YOUR ASSIGNMENT:
Your job is to print, exactly, the lines in the data below from the line with "Juego de muebles" through the line with "Lot de 3 bobines", both included, and to omit any picture.

RECORDS PROVIDED:
▽

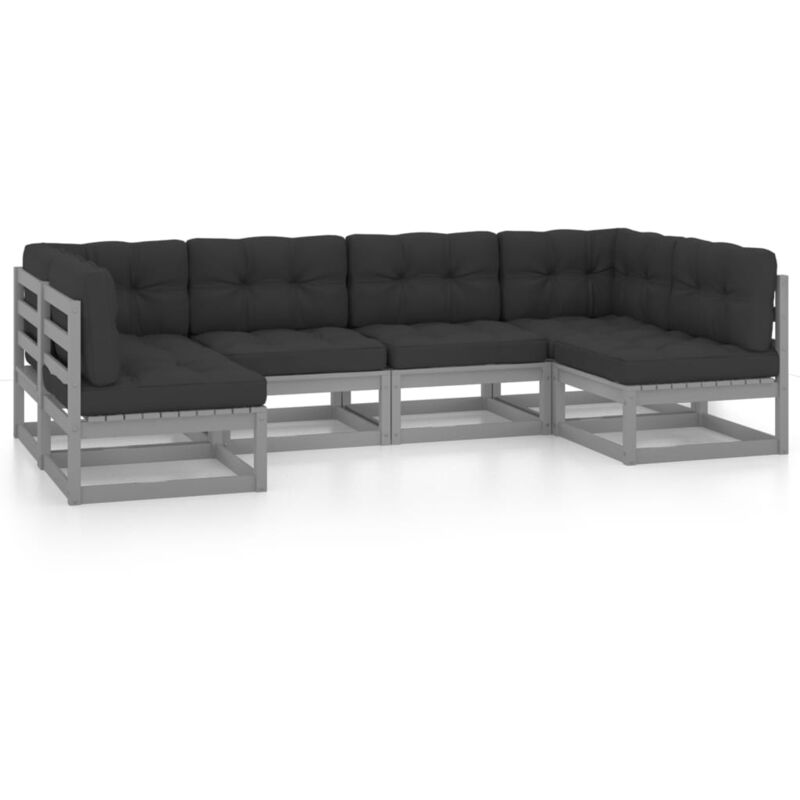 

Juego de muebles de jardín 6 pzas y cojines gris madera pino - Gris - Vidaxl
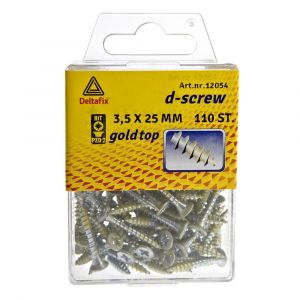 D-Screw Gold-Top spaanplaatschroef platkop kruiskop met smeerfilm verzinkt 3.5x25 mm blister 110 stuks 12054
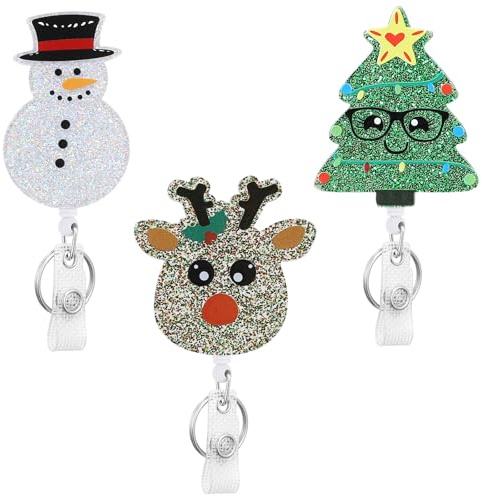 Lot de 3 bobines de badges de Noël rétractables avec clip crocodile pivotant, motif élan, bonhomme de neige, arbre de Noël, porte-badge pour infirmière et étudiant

△
▽

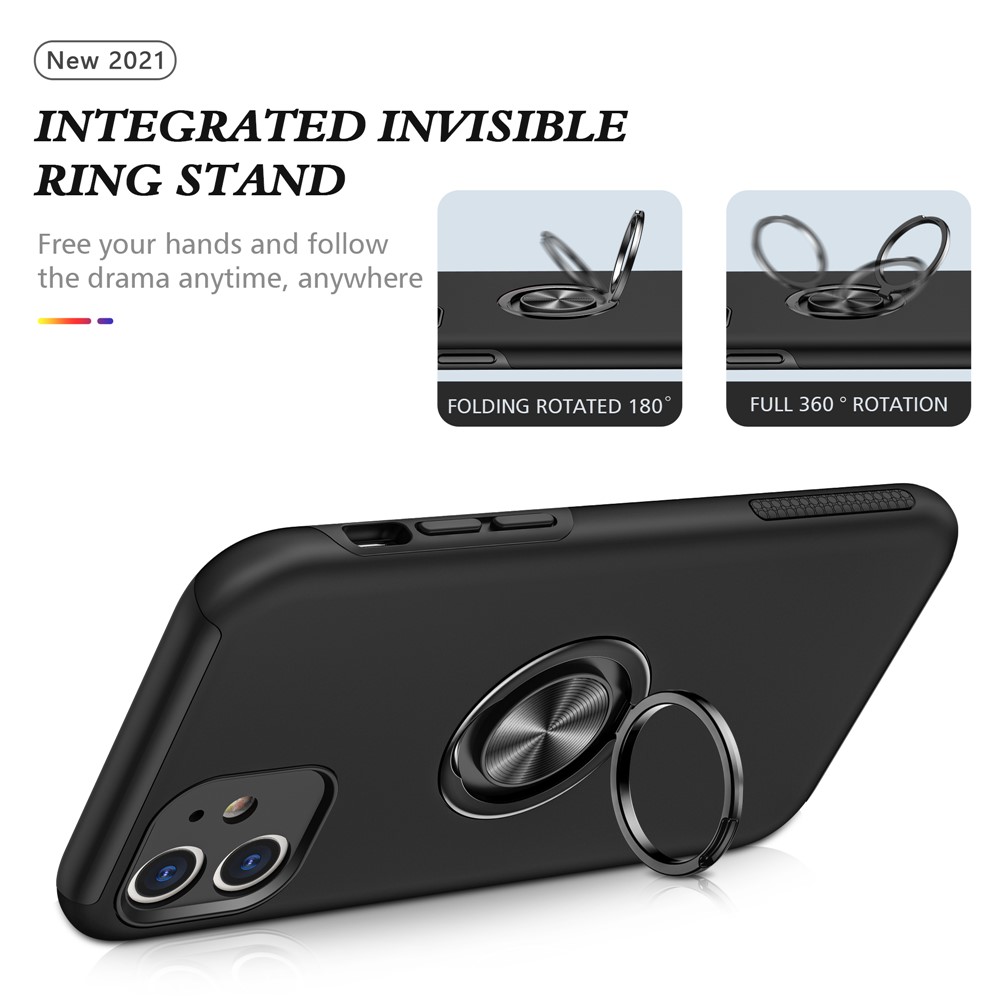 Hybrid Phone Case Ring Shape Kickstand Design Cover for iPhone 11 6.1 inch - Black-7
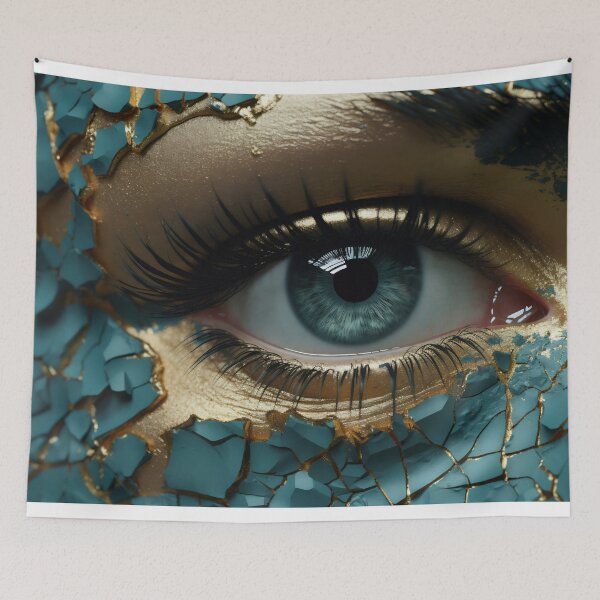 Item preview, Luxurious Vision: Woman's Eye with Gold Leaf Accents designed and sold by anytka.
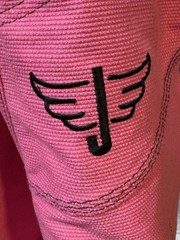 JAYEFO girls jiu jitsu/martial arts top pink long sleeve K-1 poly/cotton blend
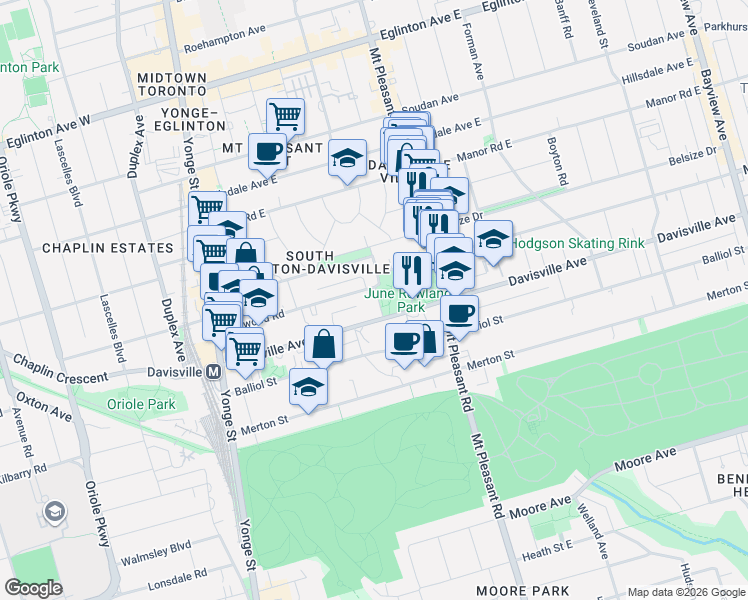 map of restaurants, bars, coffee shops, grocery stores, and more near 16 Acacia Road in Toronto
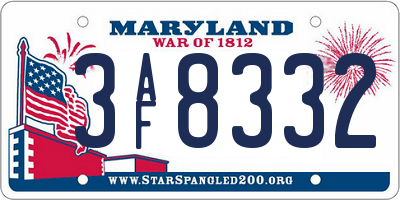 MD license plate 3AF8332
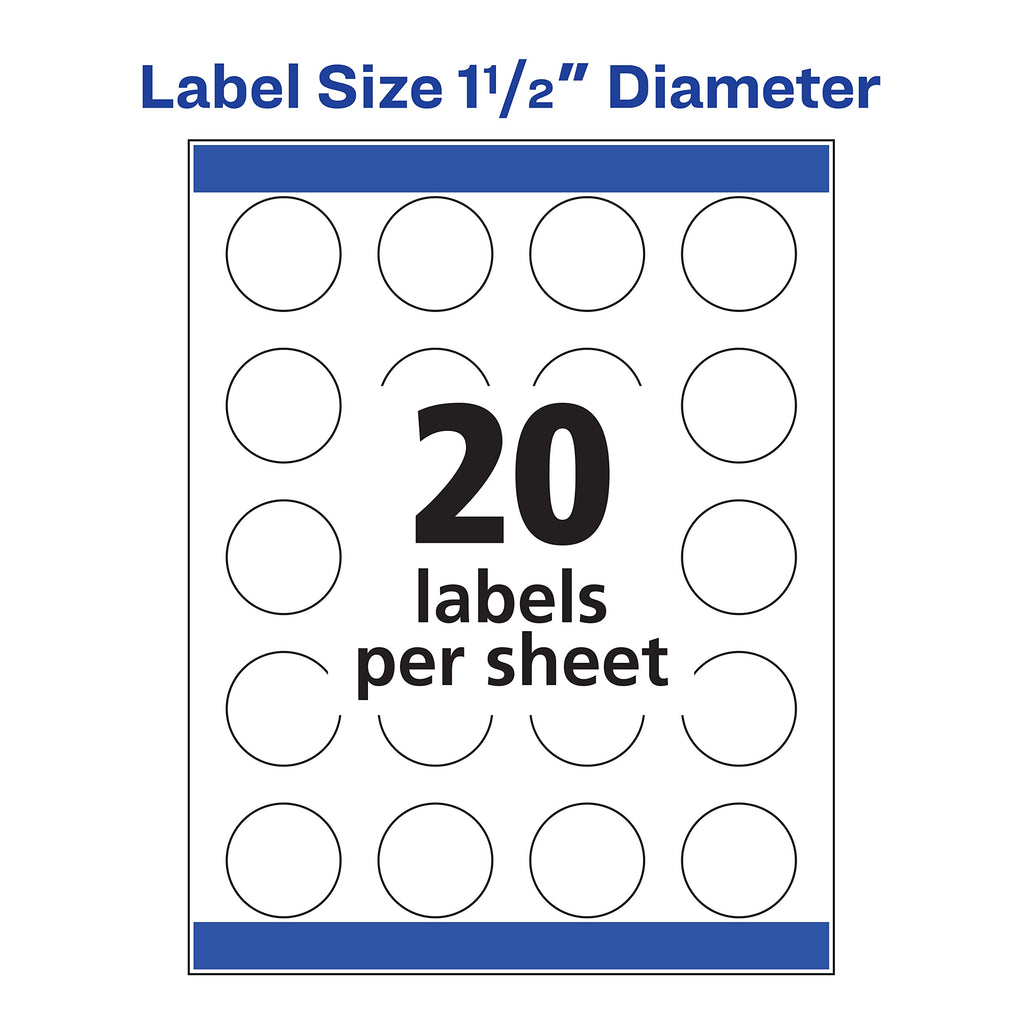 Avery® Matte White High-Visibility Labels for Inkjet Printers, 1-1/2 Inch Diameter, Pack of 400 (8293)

△

EXPECTED ANSWER:
Juego de muebles de jardín 6 pzas y cojines gris madera pino - Gris - Vidaxl
 D-Screw Gold-Top spaanplaatschroef platkop kruiskop met smeerfilm verzinkt 3.5x25 mm blister 110 stuks 12054
 Lot de 3 bobines de badges de Noël rétractables avec clip crocodile pivotant, motif élan, bonhomme de neige, arbre de Noël, porte-badge pour infirmière et étudiant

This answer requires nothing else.